Course:CPSC312-2018-Crime-Solver

From UBC Wiki

Crime Solver

Authors: Devon Kenzie and Myla White

What is the problem?

We are looking to explore the feasibility of using Prolog to solve crimes given witness testimony and details of the crime itself. Based off of this detective puzzle, we have written a program which takes real-life crimes committed in Vancouver over the past year, and hypothesized testimonies, and determines who committed each crime. Our program considers three aspects when determining whether or not a person is guilty:

  1. Actual location of the suspect (taking into account various suspect alibis)
  2. Evidence found on the scene of the crime
  3. Inconsistencies in suspect and witness testimonies

Where we find our program to be most valuable, in terms of real-life application, is its ability to take note of both major and minor discrepancies in testimonies, that might otherwise be missed by humans. Our goal with this project was prove that our program works efficiently on a small subset of data, as well as with examples of each of the key aspects of an investigation and verdict process, and therefore could be expanded to work with a much larger database, as well as using increasingly more information from the database itself.

What is the something extra?

The details of the crimes used in our program are a subset of data taken from the City of Vancouver's Open Data Catalogue for crimes in 2018. We parsed this data using JSON, integrating Prolog's JSON libraries into our program.
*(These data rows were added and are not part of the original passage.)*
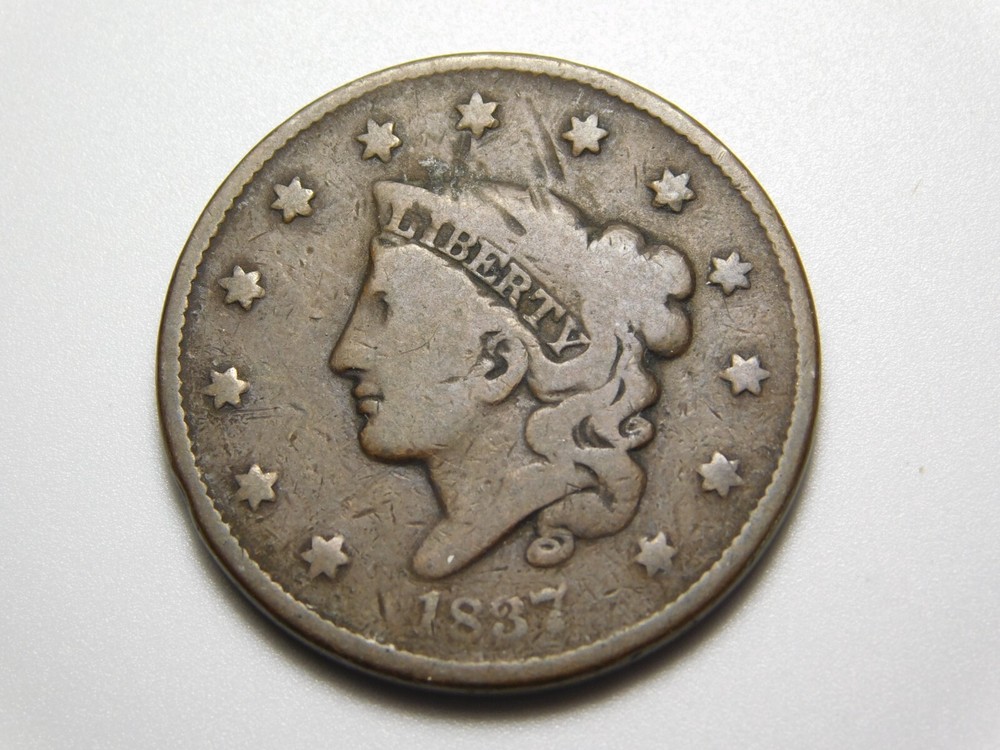 OLD US COIN 1837 CORONET HEAD SMALL LETTERS  LARGE CENT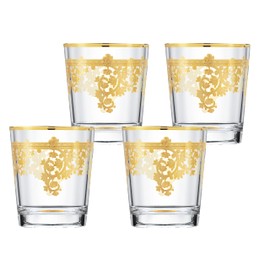 Lorren Home Trends Royal-DOF Set of 4 Embellished 24K Gold Crystal Double Old Fashion-Made In Italy, One Size, Clear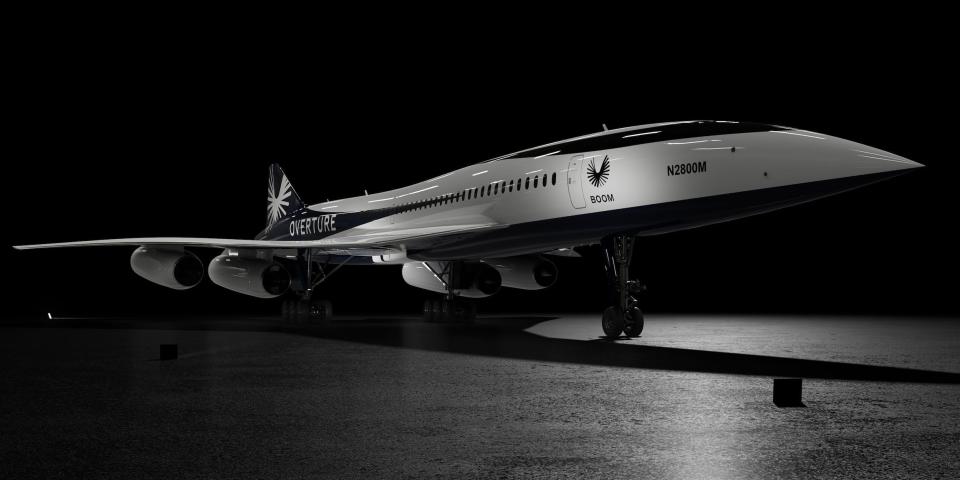 Boom Supersonic's Overture in a dark building.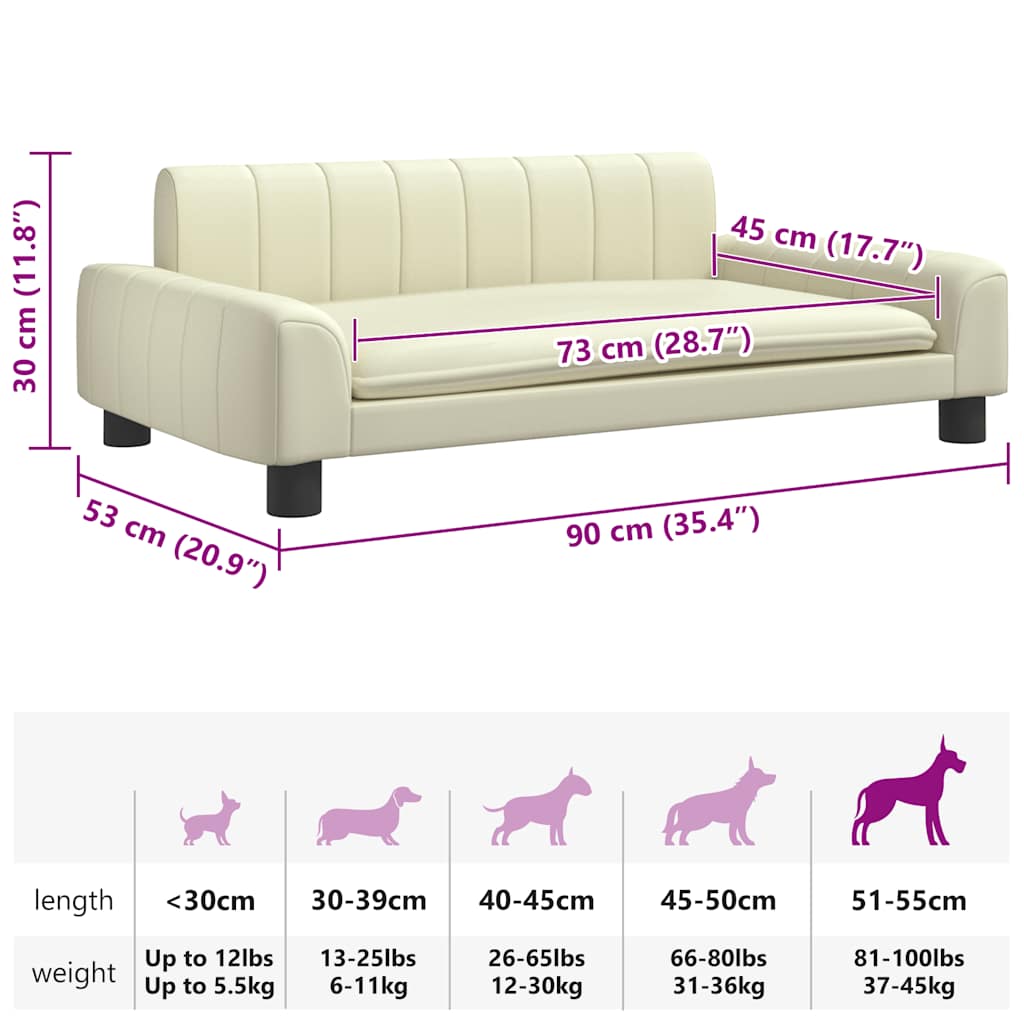 Cama para cães 70x45x28 cm couro artificial cinzento
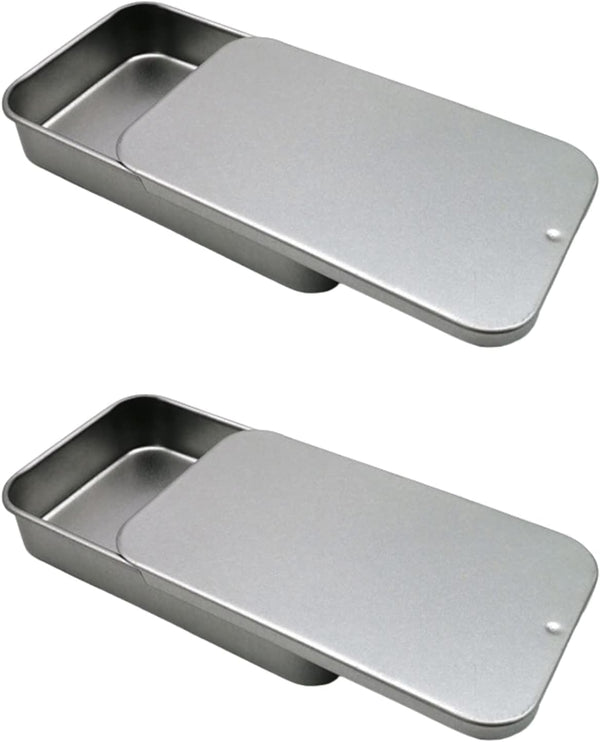 2 Pack Dental Floss Portable Case - Refillable Glide Floss, Storage for 24 Picks, Travel Floss Box (Silver)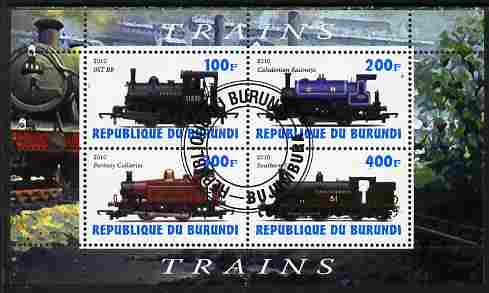 Burundi 2010 Steam Locomotives #2 perf sheetlet containing 4 values fine cto used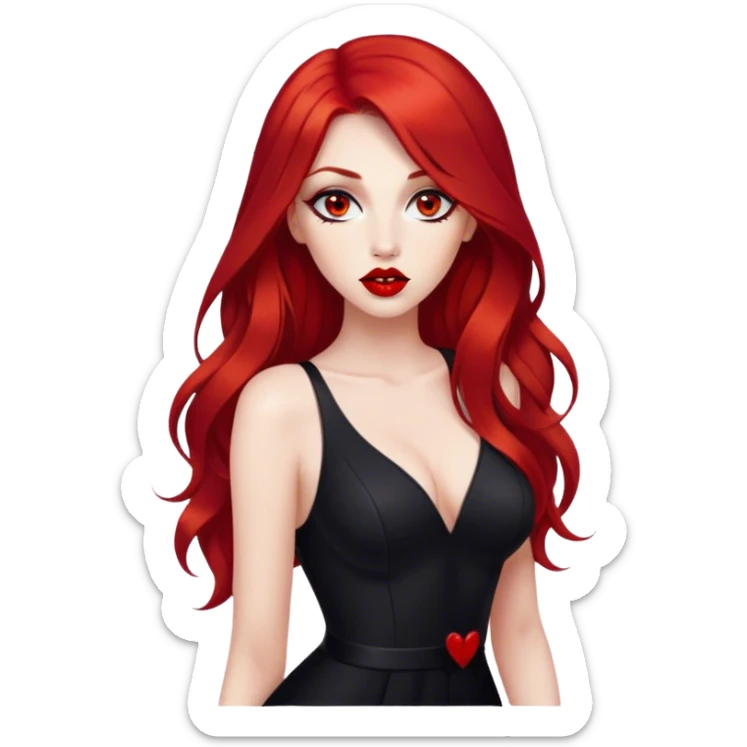 a pretty woman with long red hair and red eyes. The woman wear a black little cutted dress. She have red lipstick and she have a seductive look. She do a kiss sticker
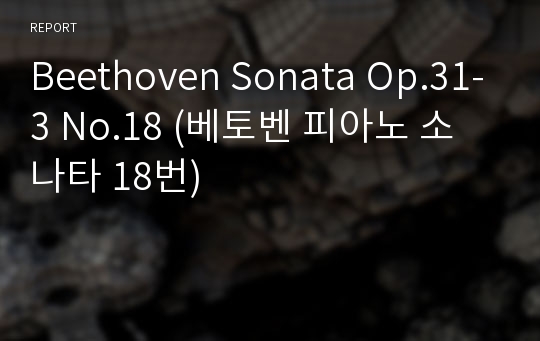 Beethoven Sonata Op.31-3 No.18 (베토벤 피아노 소나타 18번)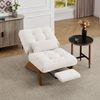 LVHOM Relaxsessel mit liegefunktion, Loungesessel mit Lendenkissen und ausziehbarer Fußstütze, Massivholzgestell, verstellbarer Rückenlehne, ohne Armlehnen, Beige Bild 2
What did we learn from doing this?

Overall, we were both very interested and invested in this project as it allowed for us to program something that we could see real-life value in, while still being able to be artistic and creative with regards to its implementation, and the story we wanted it to tell. Because of the heavily intertwined nature of the example we modelled with the program, we got a lot of experience in visualizing the entirety of the program, and taking note of the effect each line and fact had on the final output. We both got more experience using Prolog, modelling complex systems with Prolog, and the integration between Prolog and JSON. We learned about parsing information from existing data bases to model complex ideas on a simple and restrained problem.

We found Prolog to be quite suitable for the task we presented it with. Parsing JSON was easy enough, due to Prolog's included libraries for integration with JSON. However, we had to break all 6 of our crimes into separate files to be able to access and use the data. It was unclear to us whether this was necessary because we did not have enough time to go further in depth as to whether or not we could access the data while it was all in one file (as well, our program worked just fine and was easy enough to implement with them all being in separate files), or because of limitations of the Prolog/JSON library. Further implementations could involve a more dynamic parser, able to access crime data from larger or more varied files. As implemented, our individual files looked as follows:

{	"type":"homicide",
	"year":"2018",
	"month":"09",
	"day":"20",
	"hour":"18",
	"minute":"40",
	"address":"camosun st/w 30th ave",
	"neighbourhood":"dunbar southlands"},

We simplified the data from the original source slightly, so that only the fields we would be using were accessible.

In our limited example, we only used one of the fields for determining a guilty verdict. However, because our feasibility test was to see whether this simple task would work, and therefore could be expanded into a much more complicated one, this ability met all of our expectations. We are confident that this method would be able to be applied to greater sets of data.

Determining locations of crimes using parsed data:

location(CrimeName, Neighbourhood) :-
	string_concat(CrimeName,'.json', FileName),
	open(FileName, read, StrOut),
	json_read(StrOut, X),
	X = json(X1),
	X1 = [TYPE, YEAR, MONTH, DAY, HOUR, MINUTE, ADDRESS, NEIGHBOURHOOD],
	==(NEIGHBOURHOOD, Neighbourhood).

We also found Prolog apt in interacting the user, as if the user were to give it any funny inputs, it would simply return false.